— What you will do —
All of the records shown below need to be copied with no differences.

— Data extract —
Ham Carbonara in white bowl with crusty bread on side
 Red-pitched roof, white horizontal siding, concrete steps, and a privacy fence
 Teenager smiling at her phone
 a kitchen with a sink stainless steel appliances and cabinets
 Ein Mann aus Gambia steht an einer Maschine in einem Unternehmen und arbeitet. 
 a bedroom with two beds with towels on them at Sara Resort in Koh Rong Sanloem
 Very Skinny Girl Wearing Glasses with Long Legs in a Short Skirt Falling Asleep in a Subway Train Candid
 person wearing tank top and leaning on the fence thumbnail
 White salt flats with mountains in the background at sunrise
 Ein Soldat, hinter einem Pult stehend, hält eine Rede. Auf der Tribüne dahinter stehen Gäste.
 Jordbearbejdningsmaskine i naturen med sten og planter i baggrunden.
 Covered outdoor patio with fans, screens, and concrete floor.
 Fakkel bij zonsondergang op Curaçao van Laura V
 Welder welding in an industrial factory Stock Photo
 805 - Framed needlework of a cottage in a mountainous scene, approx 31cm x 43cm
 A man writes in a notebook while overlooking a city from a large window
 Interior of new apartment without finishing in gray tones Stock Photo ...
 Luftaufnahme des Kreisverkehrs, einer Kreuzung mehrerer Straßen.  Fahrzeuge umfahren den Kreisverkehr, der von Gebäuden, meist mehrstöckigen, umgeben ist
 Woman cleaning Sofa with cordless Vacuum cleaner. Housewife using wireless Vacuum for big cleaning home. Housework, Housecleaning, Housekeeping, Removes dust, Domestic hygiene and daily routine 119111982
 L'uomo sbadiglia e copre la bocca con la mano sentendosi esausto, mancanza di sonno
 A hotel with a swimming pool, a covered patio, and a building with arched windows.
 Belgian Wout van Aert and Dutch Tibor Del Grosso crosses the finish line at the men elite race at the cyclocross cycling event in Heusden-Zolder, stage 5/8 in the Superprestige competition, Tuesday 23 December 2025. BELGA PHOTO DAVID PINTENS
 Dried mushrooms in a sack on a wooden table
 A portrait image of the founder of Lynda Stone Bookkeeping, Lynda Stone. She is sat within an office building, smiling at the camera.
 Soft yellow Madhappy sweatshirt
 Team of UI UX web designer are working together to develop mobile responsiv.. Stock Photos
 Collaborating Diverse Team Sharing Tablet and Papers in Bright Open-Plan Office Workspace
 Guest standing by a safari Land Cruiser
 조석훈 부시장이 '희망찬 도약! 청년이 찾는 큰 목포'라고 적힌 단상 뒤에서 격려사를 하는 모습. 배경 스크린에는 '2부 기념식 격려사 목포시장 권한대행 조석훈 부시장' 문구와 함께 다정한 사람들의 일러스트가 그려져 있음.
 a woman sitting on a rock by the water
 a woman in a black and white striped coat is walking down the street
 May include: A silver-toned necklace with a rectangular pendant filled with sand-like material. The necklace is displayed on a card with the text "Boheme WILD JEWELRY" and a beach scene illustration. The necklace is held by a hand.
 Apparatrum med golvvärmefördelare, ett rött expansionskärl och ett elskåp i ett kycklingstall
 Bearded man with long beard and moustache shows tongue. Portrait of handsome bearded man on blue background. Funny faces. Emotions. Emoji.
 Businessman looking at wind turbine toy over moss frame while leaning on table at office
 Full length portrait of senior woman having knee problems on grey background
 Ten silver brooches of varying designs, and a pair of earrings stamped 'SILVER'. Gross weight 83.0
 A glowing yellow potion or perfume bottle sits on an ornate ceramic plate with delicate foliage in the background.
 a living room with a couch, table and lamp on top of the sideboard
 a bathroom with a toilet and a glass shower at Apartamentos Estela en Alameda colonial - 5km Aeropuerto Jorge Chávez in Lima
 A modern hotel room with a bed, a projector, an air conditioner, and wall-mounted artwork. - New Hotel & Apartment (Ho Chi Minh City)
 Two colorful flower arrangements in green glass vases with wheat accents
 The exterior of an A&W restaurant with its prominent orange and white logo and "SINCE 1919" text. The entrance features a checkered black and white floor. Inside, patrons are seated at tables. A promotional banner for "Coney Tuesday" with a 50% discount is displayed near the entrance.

— Answer to this problem —
Ham Carbonara in white bowl with crusty bread on side
 Red-pitched roof, white horizontal siding, concrete steps, and a privacy fence
 Teenager smiling at her phone
 a kitchen with a sink stainless steel appliances and cabinets
 Ein Mann aus Gambia steht an einer Maschine in einem Unternehmen und arbeitet. 
 a bedroom with two beds with towels on them at Sara Resort in Koh Rong Sanloem
 Very Skinny Girl Wearing Glasses with Long Legs in a Short Skirt Falling Asleep in a Subway Train Candid
 person wearing tank top and leaning on the fence thumbnail
 White salt flats with mountains in the background at sunrise
 Ein Soldat, hinter einem Pult stehend, hält eine Rede. Auf der Tribüne dahinter stehen Gäste.
 Jordbearbejdningsmaskine i naturen med sten og planter i baggrunden.
 Covered outdoor patio with fans, screens, and concrete floor.
 Fakkel bij zonsondergang op Curaçao van Laura V
 Welder welding in an industrial factory Stock Photo
 805 - Framed needlework of a cottage in a mountainous scene, approx 31cm x 43cm
 A man writes in a notebook while overlooking a city from a large window
 Interior of new apartment without finishing in gray tones Stock Photo ...
 Luftaufnahme des Kreisverkehrs, einer Kreuzung mehrerer Straßen.  Fahrzeuge umfahren den Kreisverkehr, der von Gebäuden, meist mehrstöckigen, umgeben ist
 Woman cleaning Sofa with cordless Vacuum cleaner. Housewife using wireless Vacuum for big cleaning home. Housework, Housecleaning, Housekeeping, Removes dust, Domestic hygiene and daily routine 119111982
 L'uomo sbadiglia e copre la bocca con la mano sentendosi esausto, mancanza di sonno
 A hotel with a swimming pool, a covered patio, and a building with arched windows.
 Belgian Wout van Aert and Dutch Tibor Del Grosso crosses the finish line at the men elite race at the cyclocross cycling event in Heusden-Zolder, stage 5/8 in the Superprestige competition, Tuesday 23 December 2025. BELGA PHOTO DAVID PINTENS
 Dried mushrooms in a sack on a wooden table
 A portrait image of the founder of Lynda Stone Bookkeeping, Lynda Stone. She is sat within an office building, smiling at the camera.
 Soft yellow Madhappy sweatshirt
 Team of UI UX web designer are working together to develop mobile responsiv.. Stock Photos
 Collaborating Diverse Team Sharing Tablet and Papers in Bright Open-Plan Office Workspace
 Guest standing by a safari Land Cruiser
 조석훈 부시장이 '희망찬 도약! 청년이 찾는 큰 목포'라고 적힌 단상 뒤에서 격려사를 하는 모습. 배경 스크린에는 '2부 기념식 격려사 목포시장 권한대행 조석훈 부시장' 문구와 함께 다정한 사람들의 일러스트가 그려져 있음.
 a woman sitting on a rock by the water
 a woman in a black and white striped coat is walking down the street
 May include: A silver-toned necklace with a rectangular pendant filled with sand-like material. The necklace is displayed on a card with the text "Boheme WILD JEWELRY" and a beach scene illustration. The necklace is held by a hand.
 Apparatrum med golvvärmefördelare, ett rött expansionskärl och ett elskåp i ett kycklingstall
 Bearded man with long beard and moustache shows tongue. Portrait of handsome bearded man on blue background. Funny faces. Emotions. Emoji.
 Businessman looking at wind turbine toy over moss frame while leaning on table at office
 Full length portrait of senior woman having knee problems on grey background
 Ten silver brooches of varying designs, and a pair of earrings stamped 'SILVER'. Gross weight 83.0
 A glowing yellow potion or perfume bottle sits on an ornate ceramic plate with delicate foliage in the background.
 a living room with a couch, table and lamp on top of the sideboard
 a bathroom with a toilet and a glass shower at Apartamentos Estela en Alameda colonial - 5km Aeropuerto Jorge Chávez in Lima
 A modern hotel room with a bed, a projector, an air conditioner, and wall-mounted artwork. - New Hotel & Apartment (Ho Chi Minh City)
 Two colorful flower arrangements in green glass vases with wheat accents
 The exterior of an A&W restaurant with its prominent orange and white logo and "SINCE 1919" text. The entrance features a checkered black and white floor. Inside, patrons are seated at tables. A promotional banner for "Coney Tuesday" with a 50% discount is displayed near the entrance.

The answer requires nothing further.